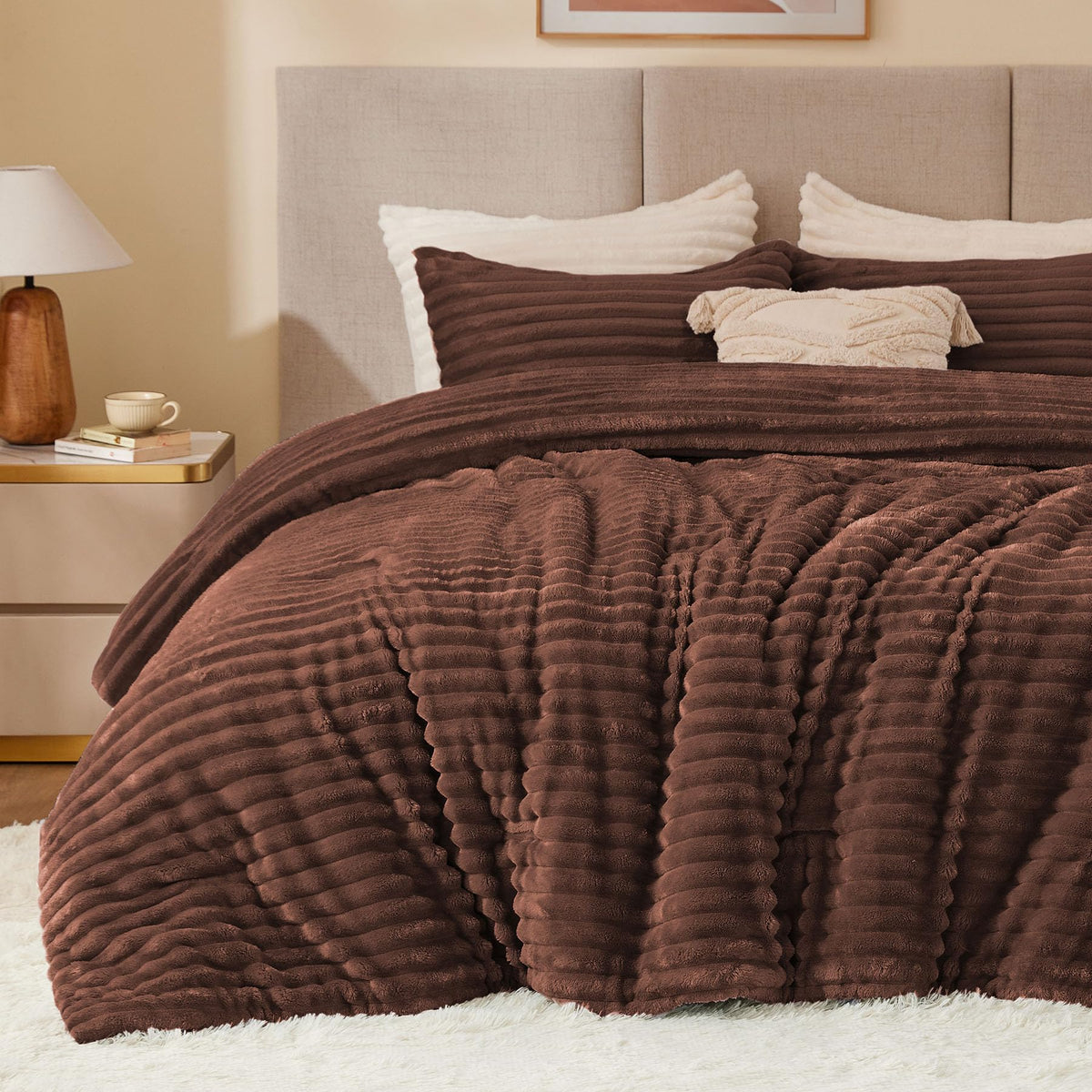 BEDELITE Fleece Full Comforter Set, Fluffy Bed Set, Cream White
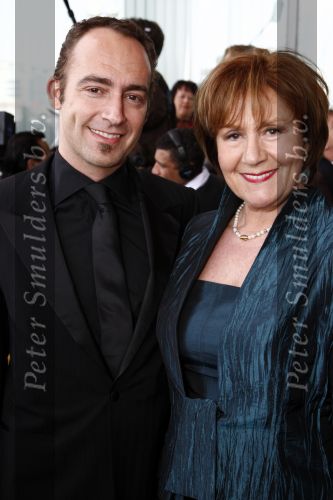 Rotterdam 20 april 2008
Premiere les Miserables  in het nieuwe Luxor theater. Annewil Blankers met zoon
Peter Smulders bv
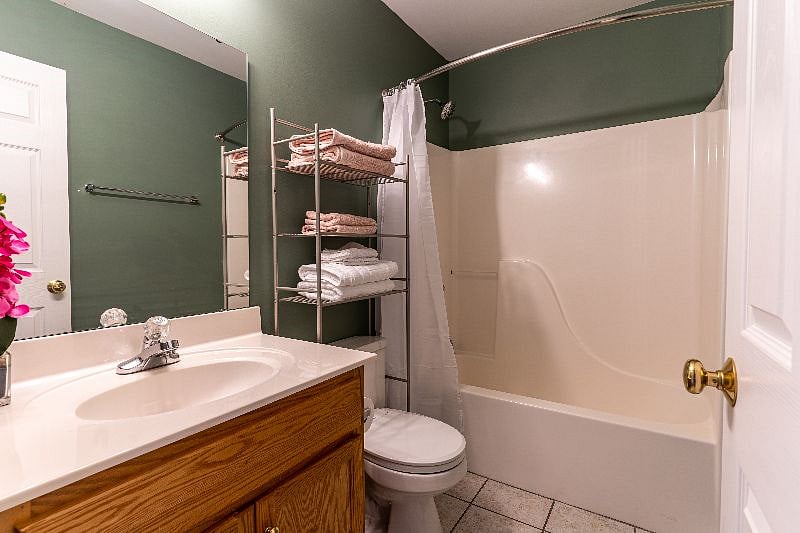 Furnished Finder property 547490_1 photo 12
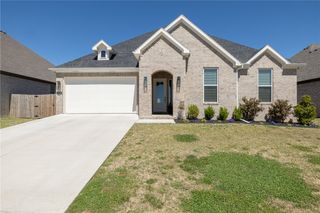 3402 E Greystone Drive, Fayetteville, AR 72764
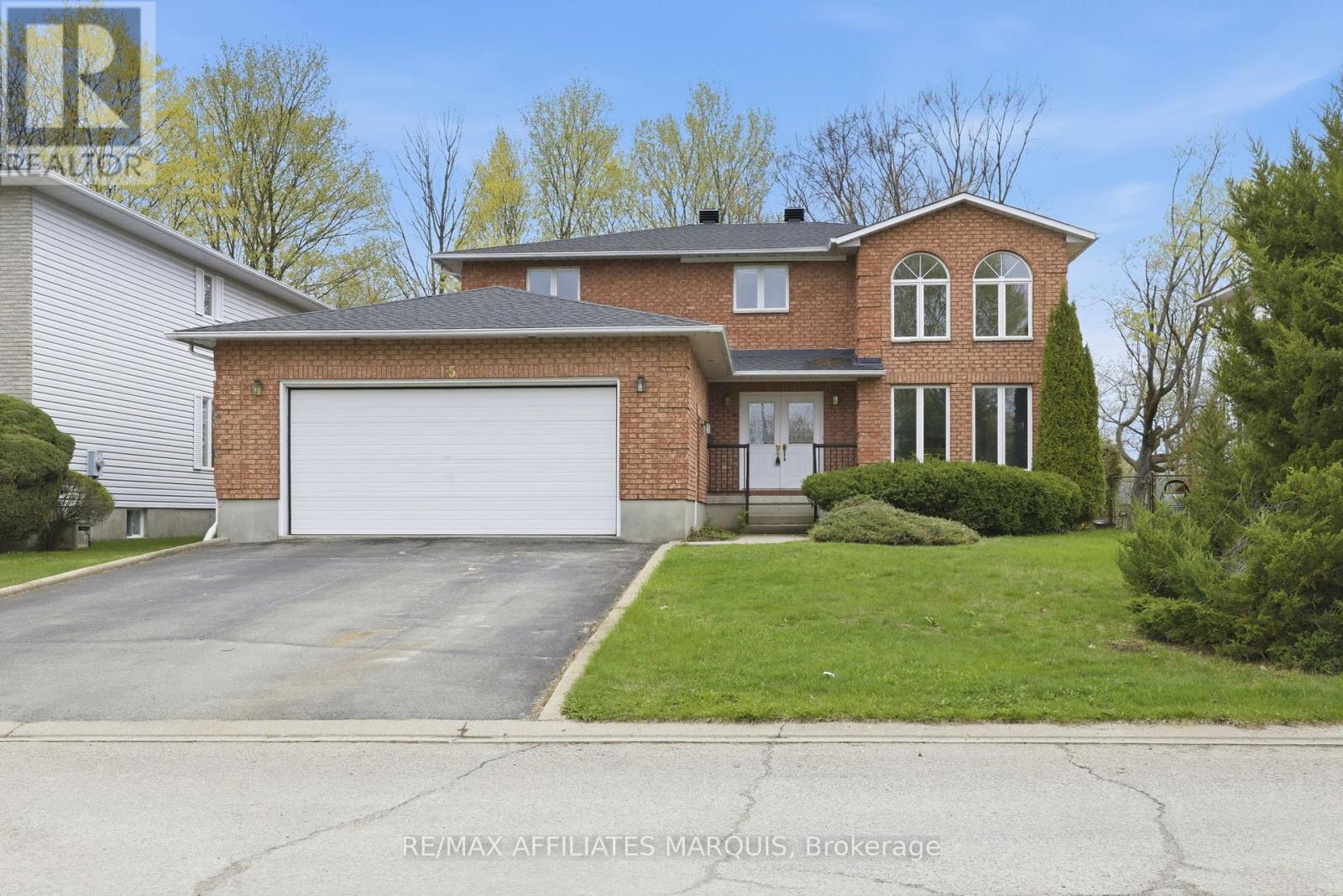 15 DAVIS DRIVE, Smiths Falls, Ontario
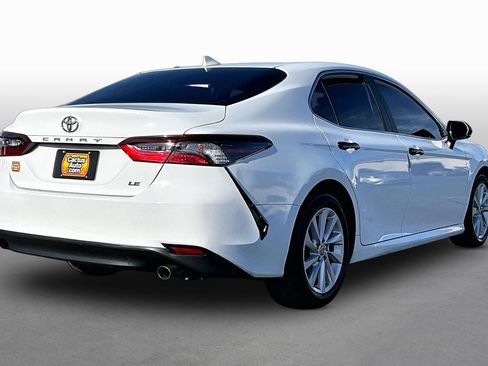 Used 2021 Toyota Camry LE w/ Carpet Mat Package (TMS) image 2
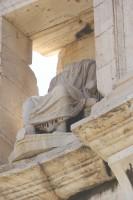 Το Μνημείο του Φιλοπάππου: Η κόγχη με το άγαλμα του παππού του Φιλόππαπου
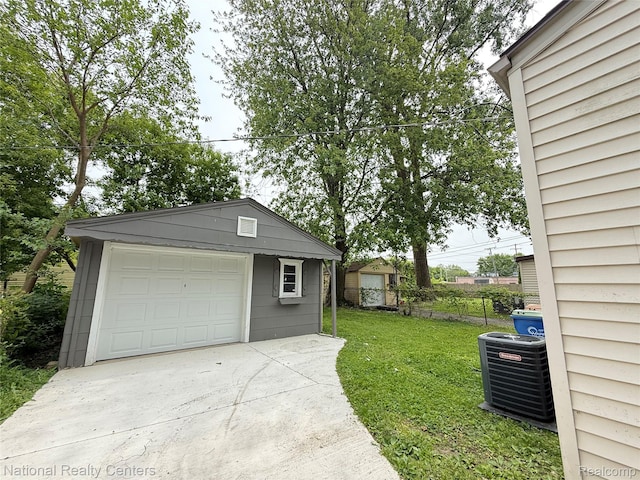 23074 Bolam Ave, Warren, MI 48089 - detached garage with driveway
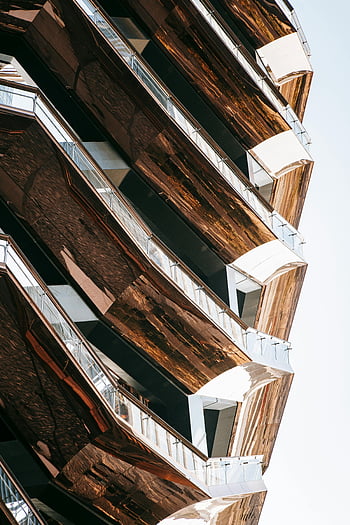 현대적인 건물, 미래의 마천루, 동적 모양, 초록보기, 현대 건축, 기하학적 설계, 도시 거리, 건축 조각, 혁신적인 디자인, 반사형 외관, 도시 경관 요소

■ **Your objective**
Only one stretch of the listing is wanted: the lines starting at the one with "Furnished Finder property 547490_1 photo 12" and ending at the one with "23074 Bolam Ave, Warren, MI", copied exactly and free of pictures.

■ **Task result**
 Furnished Finder property 547490_1 photo 12
 3402 E Greystone Drive, Fayetteville, AR 72764
 15 DAVIS DRIVE, Smiths Falls, Ontario
 Used 2021 Toyota Camry LE w/ Carpet Mat Package (TMS) image 2
 Το Μνημείο του Φιλοπάππου: Η κόγχη με το άγαλμα του παππού του Φιλόππαπου
 23074 Bolam Ave, Warren, MI 48089 - detached garage with driveway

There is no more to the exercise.